Je n'ai jamais pigé pourquoi Fox, caricature de la multi chaîne américaine de propagande républicaine extrémiste, produisait des satires sociales de plus en plus white trash comme Marié deux enfants, Malcolm, ou My name is Earl. Je n'ai jamais trop cherché en fait, m'amusant juste de leurs blagues acides. En regardant le premier épisode de Raising Hope j'me suis dit "tiens ça à tous les coups c'est du Fox" et en voyant que c'était le cas la question est revenue sur le tapis.

Alors j'ai commencé à creuser pour comprendre déjà d'où venaient ces comédies. Elles démarrent dans les années 20/30 sur les radios et sont déjà ultra formatées, l'attrait permettant une grille publicitaire lucrative, les histoires sont écrites en incluant les pages de publicité dans leur temps d'antenne. Elles définissent vite un genre, les comédies de situation (sitcoms) ce qui veut dire en gros qu'on met en place une situation environnementale (une famille vivant en banlieue par exemple), et qu'on chie des épisodes à tire larigot en ajoutant à chaque fois une situation événementielle : le petit a un chien pour noël mais il casse un vase, le père veut une nouvelle voiture, la mère voit son four tomber en panne, etc. On rigole bien tout du long (quitte à enregistrer les rires pour ceux qui comprennent pas) et au final on finit bras dessus bras dessous dans un happy end familial.

Avec l'arrivée de la télévision les sitcoms passent vite sur ce support et des shows comme I love Lucy définissent un peu plus le genre en confinant la situation environnementale à la cellule familiale blanche qui poursuit le rêve américain, permettant de vendre des soupes campbell, des frigidaires etc. Leave it to Beavers, Ma sorcière bien aimée et bien d'autres série enfoncent le clou : une bonne sitcom c'est une famille blanche, apolitique qui vit en banlieue, cela dure 30 mn, dont 8mn de pubs. Dans les années 80 le rêve américain commence à prendre du plomb dans l'aile. Les banlieues ne sont plus les mêmes, le rêve américain fait de la résistance mais ne se suffit plus à lui même. Il faut commencer à y introduire des situation plus déroutantes comme l'intégration de classes inférieures avec Madame et servie ou "raciale" avec le Cosby show. Pourtant le problème n'est pas tant la réussite de familles non blanches que la déstructuration des banlieues qui à coup de crises et de matériaux de construction non durables, se délabrent. Les bourgeois partant à la périphérie de la périphérie les suburbs des sitcoms ne collent plus avec celles de la réalité, il faut trouver autre chose car le public se lasse de ces univers qui ne ressemblent plus à leur quotidien.

Cet autre chose c'est la resucée de deux shows des années 70 qui avaient tenté une percée subversive dans le milieu policé des soap opéras (synonyme de sitcom mais évoquant plus leur vocation à servir d'attrape couillon pour vendre du savon) en les caricaturant pour flinguer leurs histoires gnangnans et conservatrices : Mary Hartman, Mary Hartman et Soap.
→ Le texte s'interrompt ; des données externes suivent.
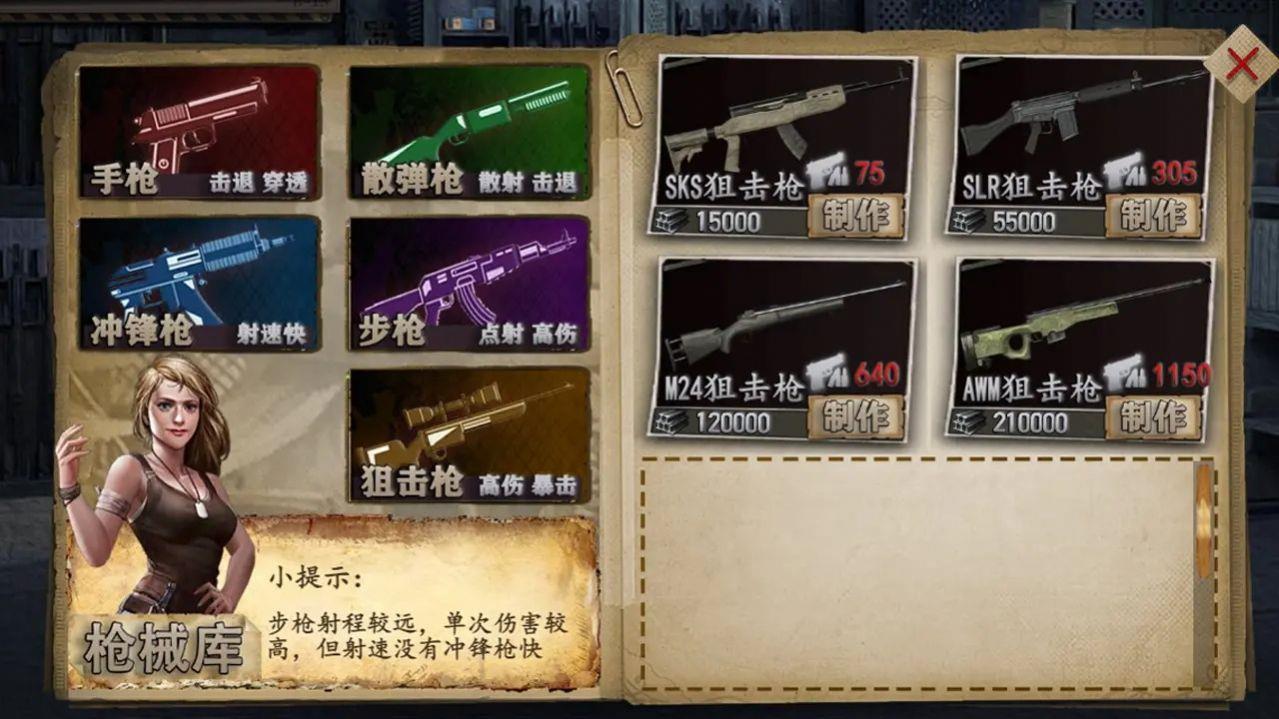 末世孤城  v1.0图1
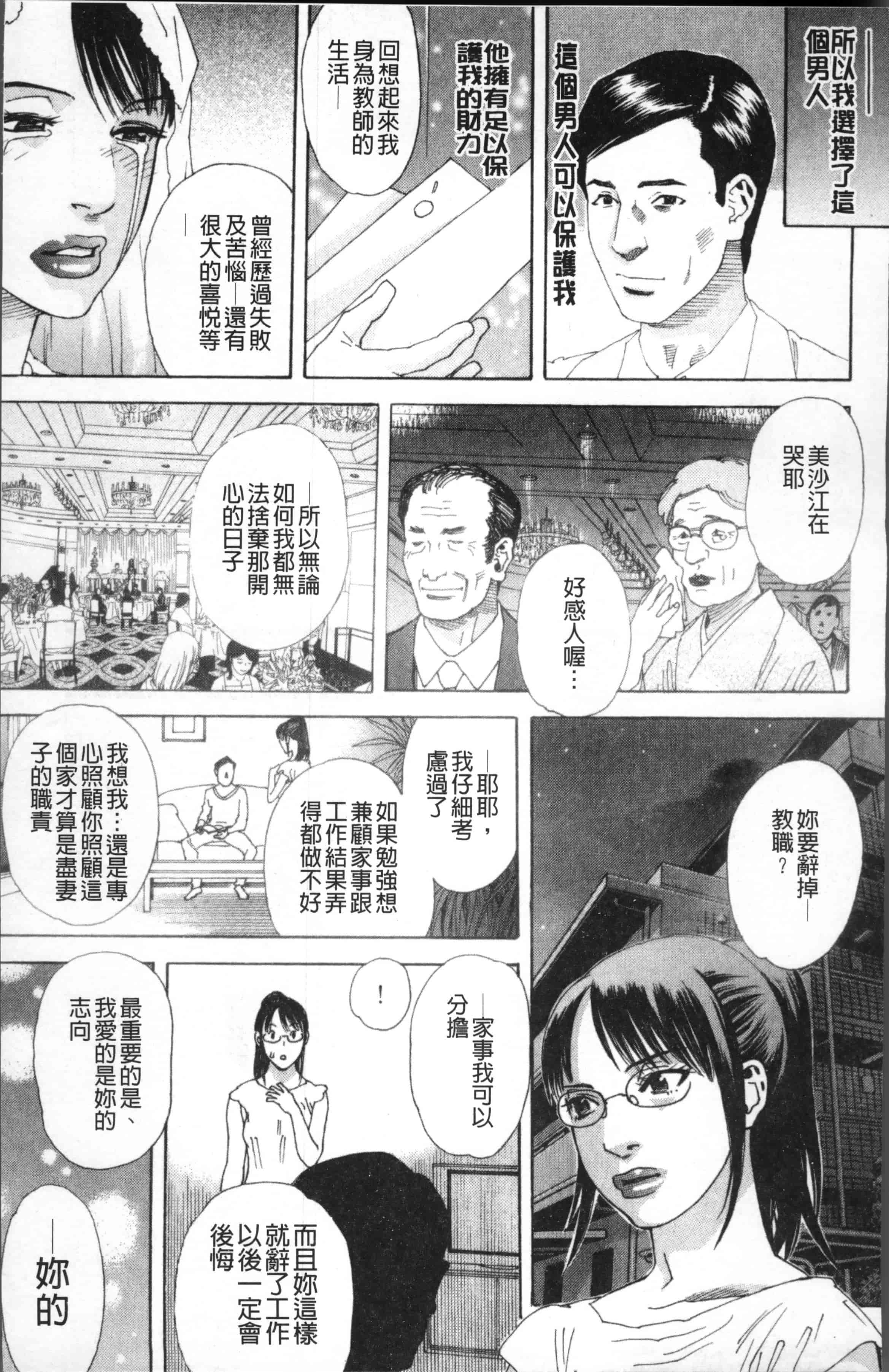 汉化版-[天竺浪人] 果蜜痴態  [4K[S版]掃圖組]_第9集
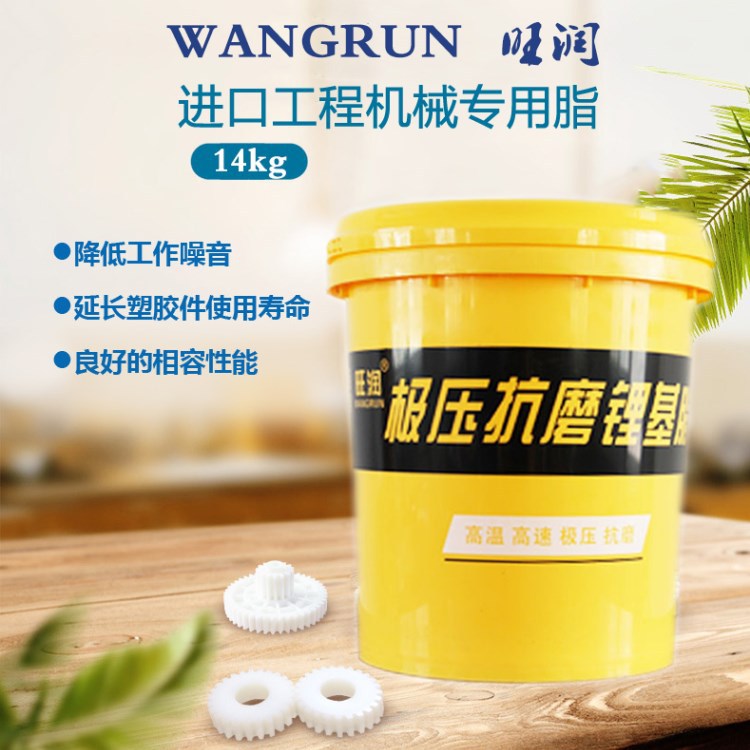 山东旺润石化  极压抗磨锂基脂 润滑脂 极压黄油 3# 量大从优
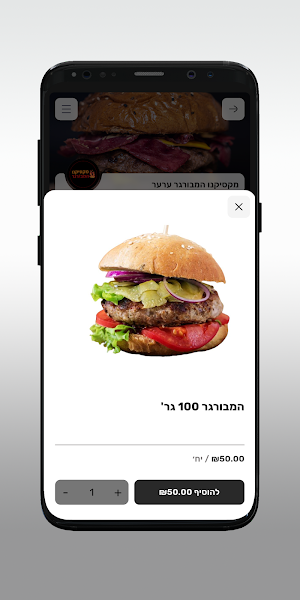 מקסיקנו המבורגר ערערה Screenshot 3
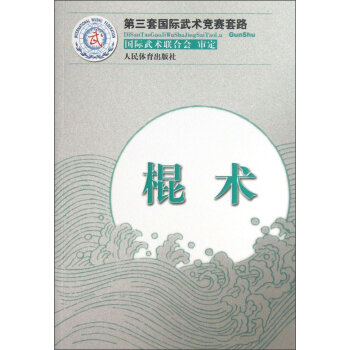 第三套国际武术竞赛套路：棍术   下载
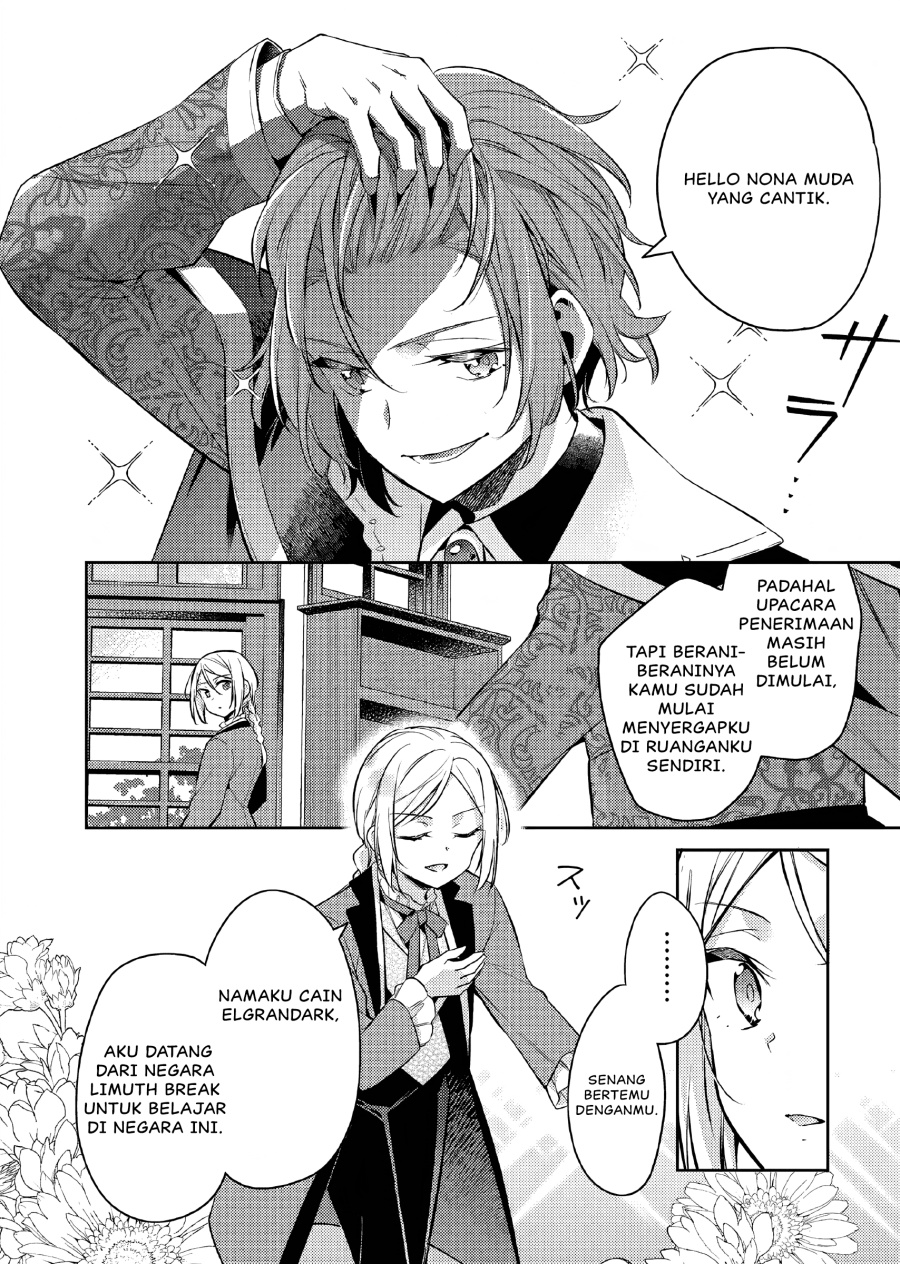Akuyaku Reijo no Ani ni Tenseishimashita Chapter 19 Gambar 15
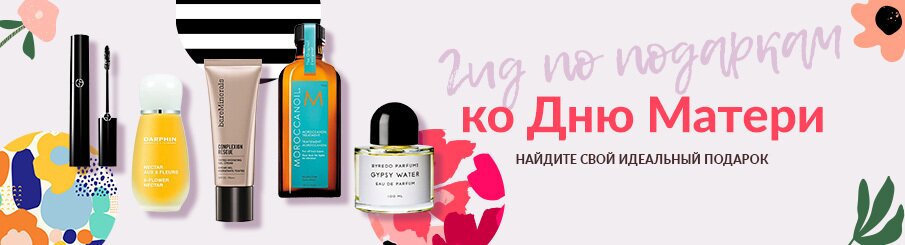 mothers day, for mom, skincare, fragrance, beauty, cosmetics, sale, flash sale, clarins, shiseido, lancome, dermalogica, clinique, perfect looks, christian dior, gift guide, gifting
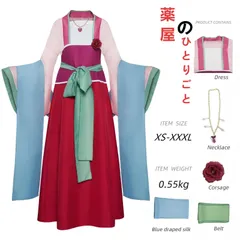 薬屋のひとりごと 猫猫 コスプレ 衣装 豪華5点セット 園遊会 赤 華服 Mサイズ 完売品 コスチューム 撮影会 舞台衣装 [新品未使用]
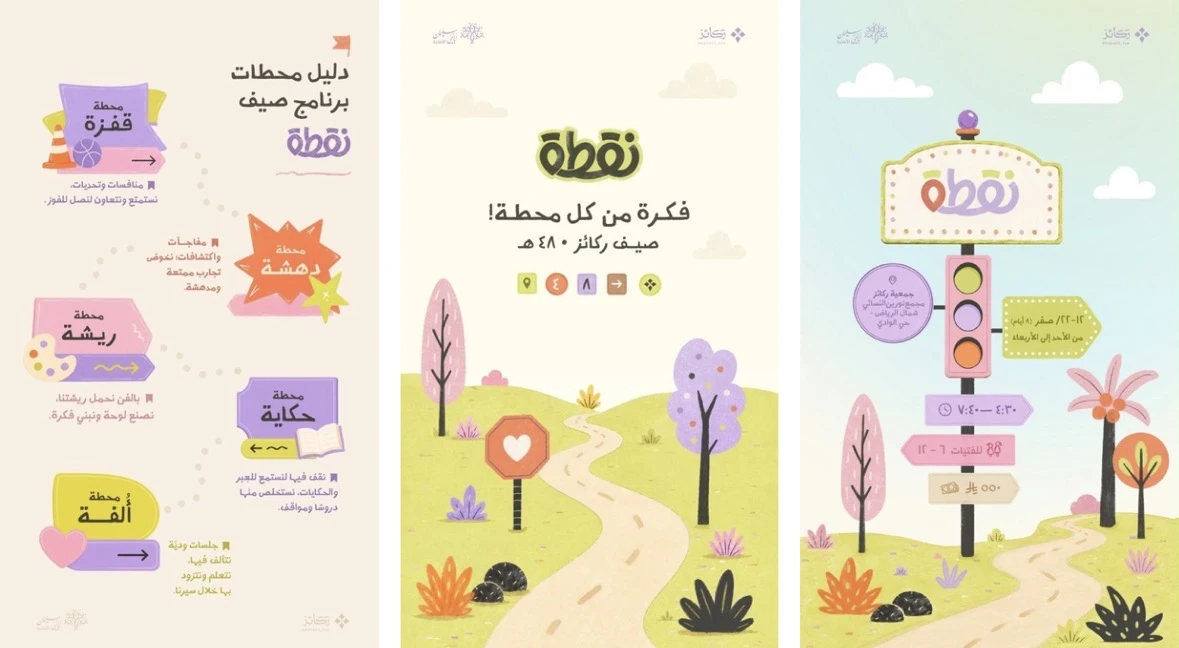 صيف نُقطة للفتيات من ٦ -١٢ سنة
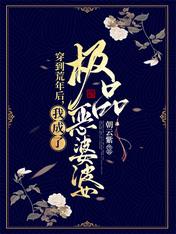 穿到荒年后我成了极品恶婆婆 下载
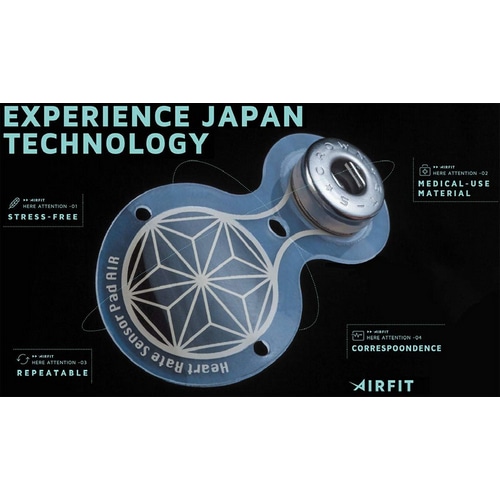 AIRFIT ( エアーフィット ) 心拍計 ATTACHMENT TAPE (STD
Leur liberté de ton inspirent de nouvelles caricatures de sitcoms : Mariés deux enfants, Roseanne et les Simpsons qui ouvrent le bal. Le principe c'est un peu : le public ne croit plus dans un avenir radieux, à défaut de leur en fournir un moquons nous des séries qui leur promettent. Les sitcoms white trash sont nées. Elles deviennent de plus en plus acerbes mais ne remettent pas fondamentalement en cause le système.

Mais même les bourges craquent, Desperate Housewives commence par un suicide dans ce monde si parfait, Weeds crache à chaque générique sur la dépersonnalisation des banlieues cossues et démontre que le rêve américain se poursuit à coup d'illégalités, Dexter et Breacking Bad n'en parlons pas. La comédie a bien du mal à retrouver sa place sans s'associer au drame. Certains comiques essaient tout de même de la mettre au cœur de leurs productions. Avec Arrested Developement Hurwitz saute sur les nouveaux pauvres qui ne peuvent vivre dans une baraque de sitcom classique qu'en squattant une maison témoin d'un lotissement qui ne verra jamais le jour, moins banlieusard car New Yorkais Louis CK déboite le genre "appartement" (Punky Brewster, Friends, etc) avec Louie, la bande de The Office dynamite la gestion même des banlieues avec Park and Recreations. Mais le mal est fait, les personnages ne peuvent pas s'évader de leurs névroses, avant elles étaient niées, aujourd'hui elles s'étalent.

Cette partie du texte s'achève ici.